START Information supplied

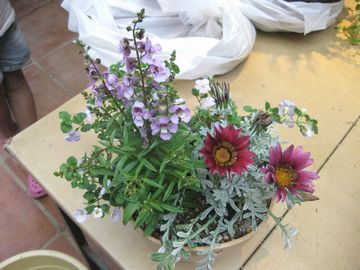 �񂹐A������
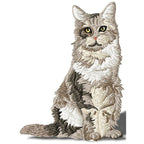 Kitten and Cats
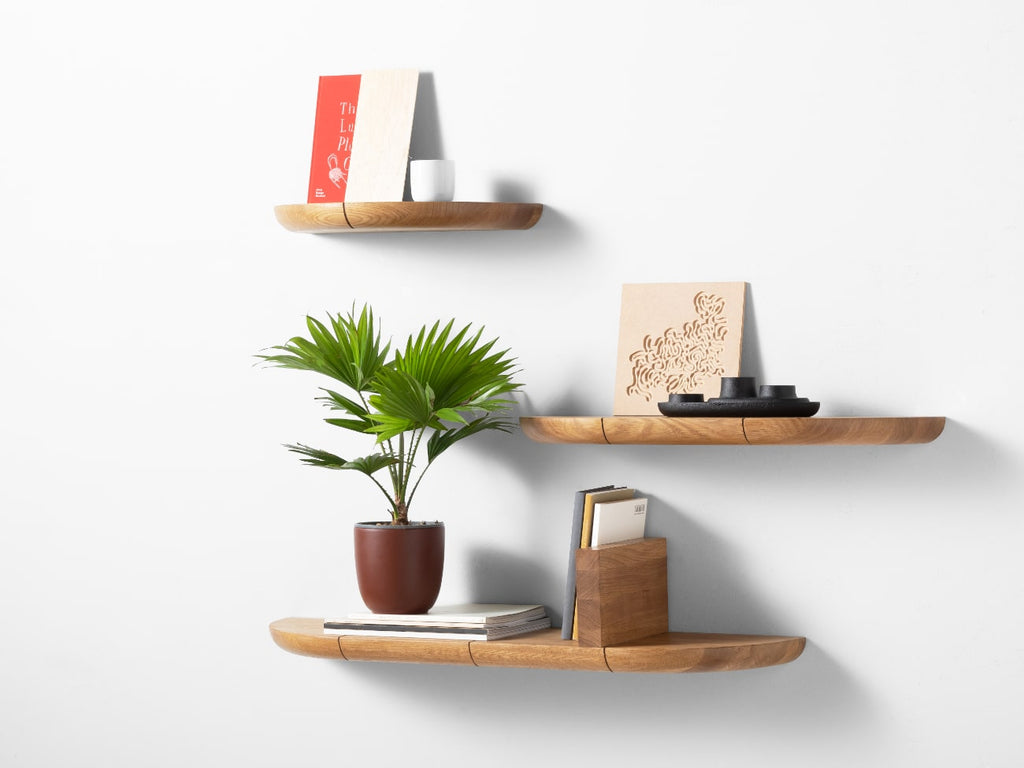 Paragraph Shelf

END Information supplied
START Information supplied

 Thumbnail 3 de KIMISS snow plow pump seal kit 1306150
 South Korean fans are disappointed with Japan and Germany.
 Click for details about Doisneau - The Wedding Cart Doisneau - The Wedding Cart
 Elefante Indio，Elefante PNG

END Information supplied

Copy the lines above exactly, beginning at the line that has "Click for details" and stopping after the line that has "Elefante Indio，Elefante PNG", and omit the rest.

 Click for details about Doisneau - The Wedding Cart Doisneau - The Wedding Cart
 Elefante Indio，Elefante PNG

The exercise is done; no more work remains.